So why didn’t everyone want good, ‘as built’ specs?

I was surprised when some companies thought they had ‘as built’ specs – only to find what they were referring to were documents an external tech writer group wrote after the software was released. Those aren’t “as built” specs as much as they are “what we think was built” specs. Since the developers didn’t code to them and QA didn’t test to them in the initial release, they are, always suspect. Those documents are never valid, correct. I would question if any company devotes enough time and money to guarantee that kind of ‘after-the-fact’ documentation is correct.

Whereas it’s so clean and clear if the spec is used as part of the development process and then as part of the QA process that it “IS” the “bible” of the code. How the code was developed. What the code does do. If you have specs like that, you know what’s in the code. Tech Support knows what the product does. Everything is clean. Clear.

But I’ve come to realize that there are roadblocks in companies to why this isn’t as easy as I assumed. But I think I have a solution and am working on it. It’s very cool. I’ve realized that there are real reasons why people feel it’s hard to maintain real as-built DOORS-type specs. I, as a manager, was willing to do the extra work to have as built DOORs specs because I saw the value. But not everyone is as dedicated to the end result.
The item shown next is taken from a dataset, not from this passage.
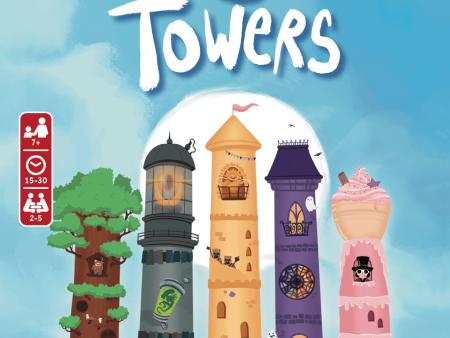 5 Towers For Discount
There has to be a better way.

I think there is … stay tuned. We’re calling it Software 2020 – a software tool for the 21st century “:-)”

The Need for a Process

In an Agile class this week, someone asked the question “How can you be sure the sprint testing covers all code changed? Developers often make a change in some different area of code to fix something and testers don’t know to test that area at all since it wasn’t part of the sprint.”

Huh?

That’s a good example of a team that needs a good process. And he wasn’t the only one in the room waiting for an answer. I learned the answer to that question in the early ‘80s. And the lesson was a hard one. ..

I had just been assigned as manager for the Electronic Defense Systems software department for Ford Aerospace. It wasn’t my first management job but was my first position responsible for government customer deliverables rather than internal projects like developing in-house CASE tools or complex algorithms to help the engineers building satellites and ground stations. The five software sections I would manage were each working on separate contracts for different arms of the military. I had met the five supervisors in my new department and their developers but hadn’t officially started work when my boss, Sharon, who headed up all software engineering for Ford Aerospace came to me and said that the customer for one of my new contracts, an Army Lt. Colonel, was going to be giving awards for completing the testing of the release and wanted me to come to the awards ceremony to meet him and see the team get their awards.

It was about 5 PM as we walked across the campus. But as we started up the steps to enter the building the doors opened and young men and women, the developers and testers, came streaming out and down the front steps with tears in their eyes or outright sobs.

“What’s going on?” asked Sharon.

They couldn’t answer and ran by us. The company’s General Manager was hurriedly entering the building. He saw Sharon and said sternly “I was called to a meeting with the Lt. Colonel. You’d better come with me.”
We three went upstairs into a warehouse room where an impromptu meeting was being held. The head of Systems Engineering, Ray (Sharon’s boss) was already there with the Lt. Colonel. The Lt. Colonel was a tall man in full army fatigues. Red flat-top hair with a face as red as his hair. He was livid.
“I normally only give companies one chance. But for you”, he said glaring at our GM, “this is the third strike.”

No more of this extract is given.